Ele diz que essa análise é minuciosa porque a medida cautelar precisa fundamentar que "aquela pessoa coloca em risco a ordem pública ou a liberdade dela gera um perigo público à potencial punição do crime". "A lei exige prova ou indícios sólidos de ocorrência do crime e de autoria", destaca, lembrando que o episódio foi um conjunto de "crimes graves que colocaram em questão a própria ordem política e constitucional do Brasil".

Esse mecanismo também explica o fato de que, gradualmente, vários detidos estejam sendo postos em liberdade. "É natural que aquelas prisões iniciais fossem aos poucos trocadas por medidas cautelares menos onerosas tanto para o Estado, que tem de manter essas pessoas, como para as próprias pessoas", pondera Sundfeld, referindo-se a instalações de tornozeleiras eletrônicas ou restrições de deslocamento. 

O jurista Pereira atenta para uma questão técnica que também suscita confusão entre os críticos do Supremo. Trata-se da diferença entre prisão temporária e prisão preventiva, os dois tipos de prisão cautelar previstos na legislação brasileira. 

No caso da temporária, ela deve ser determinada quando imprescindível para as investigações ou quando o acusado não tiver residência fixa ou não permitir o esclarecimento de sua identidade. O prazo, contudo, é curto: cinco dias, prorrogáveis por mais cinco "em caso de extrema e comprovada necessidade", diz Pereira. "Em caso de crimes hediondos, 30 dias renováveis por mais 30."

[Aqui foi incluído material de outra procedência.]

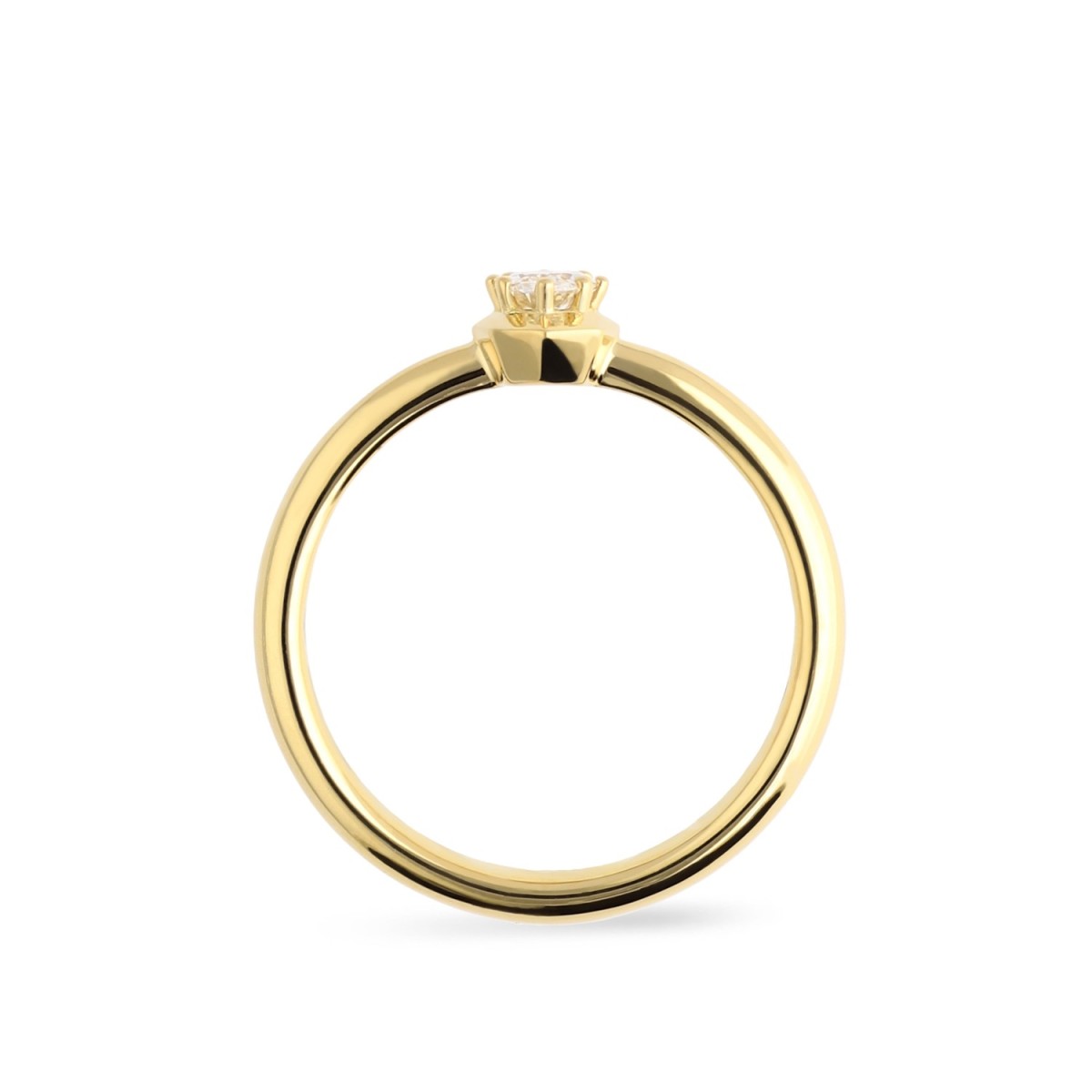 Oval Diamond Solitaire Yellow Gold Grau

Mas os golpistas detidos foram postos em prisão preventiva, ou seja, obedecendo a pelo menos um dos critérios previstos na lei — no caso específico, o enquadramento é possível tanto no sentido de "garantir a execução da pena que possa vir a ser decretada" quanto no de "preservar a ordem pública ou econômica". 

"Trata-se de uma medida excepcional, já que a pessoa investigada ainda não foi julgada", ressalta Pereira. "Pode ser decretada durante as investigações e também durante o curso do processo criminal, hipóteses presentes no caso dos ataques de 8 de janeiro de 2023. É preciso que a autoridade judicial, ao decretá-las, verifique a presença de prova da existência do crime, de indícios suficientes de autoria, da natureza da infração, entre outros."